=== Available records ===

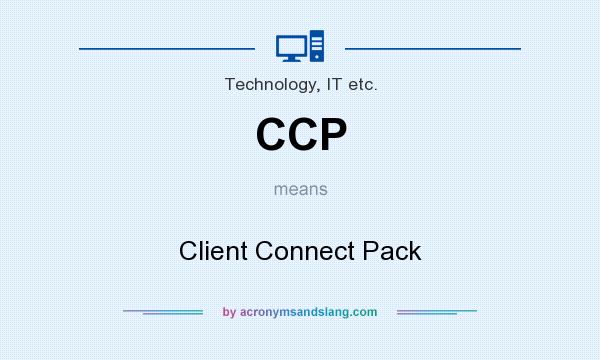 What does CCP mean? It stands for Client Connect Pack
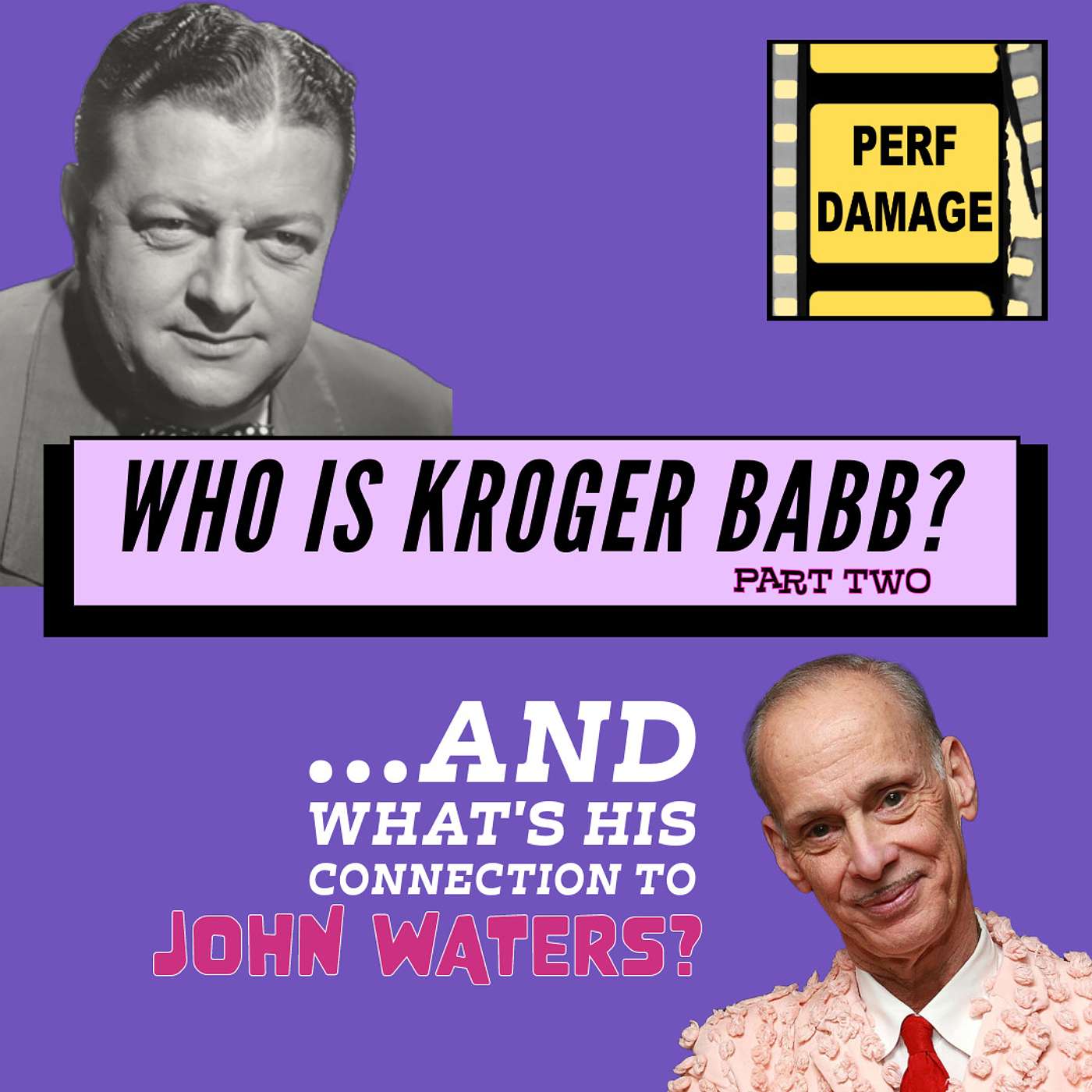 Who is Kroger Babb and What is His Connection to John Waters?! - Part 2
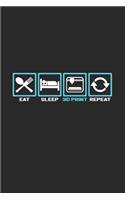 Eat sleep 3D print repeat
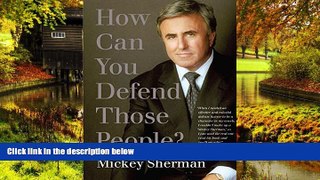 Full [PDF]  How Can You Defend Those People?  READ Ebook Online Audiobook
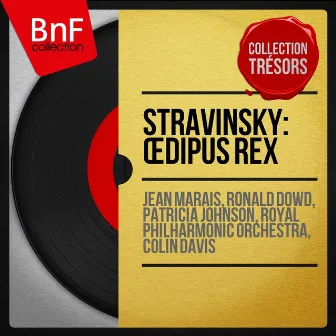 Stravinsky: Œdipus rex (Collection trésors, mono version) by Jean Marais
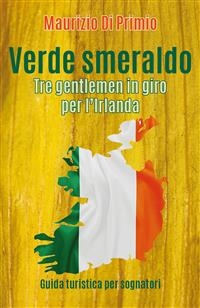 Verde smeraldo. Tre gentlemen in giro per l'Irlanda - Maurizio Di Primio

===

§ Exercise objective
Transcribe nothing but the lines from the one containing "Stravinsky: Œdipus rex" through the final line of the records, exactly as written and without pictures.

§ Solution for this exercise
 Stravinsky: Œdipus rex (Collection trésors, mono version) by Jean Marais
 Verde smeraldo. Tre gentlemen in giro per l'Irlanda - Maurizio Di Primio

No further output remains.